Characterization of proteoglycan production and processing by chondrocytes and BMSCs in tissue engineered constructs.

OBJECTIVE: The goal of this study was to characterize the proteoglycan (PG) production and processing by bone marrow stromal cells (BMSCs) within a tissue engineered construct.
METHODS: Bovine BMSCs and articular chondrocytes (ACs) were isolated from an immature calf, seeded into agarose gels, and cultured up to 32 days in the presence of TGF-beta1. The localization of various PGs was examined by immunofluorescence and histological staining. The role of proteolytic enzymes in construct development was further investigated by examining the effects of aggrecanase and MMP inhibitors on PG accumulation, aggrecan processing, and construct mechanics.

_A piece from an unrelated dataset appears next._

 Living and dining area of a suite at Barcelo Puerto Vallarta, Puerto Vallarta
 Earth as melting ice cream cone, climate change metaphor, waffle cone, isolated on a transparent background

RESULTS: BMSCs developed a matrix rich in sulfated-glycosaminoglycans (sGAG) and full-length aggrecan, but had low levels of versican. The BMSC constructs had less collagen II and aggrecan compared to the AC constructs cultured under identical conditions. AC constructs also had high levels of pericellular collagen VI, while BMSCs had a pericellular matrix containing little collagen VI and greater levels of decorin, biglycan, and fibronectin. Treatment with the aggrecanase inhibitor did not affect sGAG accumulation or the dynamic moduli of the BMSC constructs. The MMP inhibitor slightly but significantly inhibited sGAG accumulation and lowered the dynamic moduli of BMSC constructs.
CONCLUSIONS: The results of this preliminary study indicate that long-term culture of BMSCs with TGF-beta1 promotes the development of an aggrecan-rich matrix characteristic of native articular cartilage; however, BMSCs accumulate significantly lower levels of sGAG and assemble distinct pericellular microenvironments compared to ACs. PG turnover does not appear to play a major role in the development of tissue engineered cartilage constructs by BMSCs.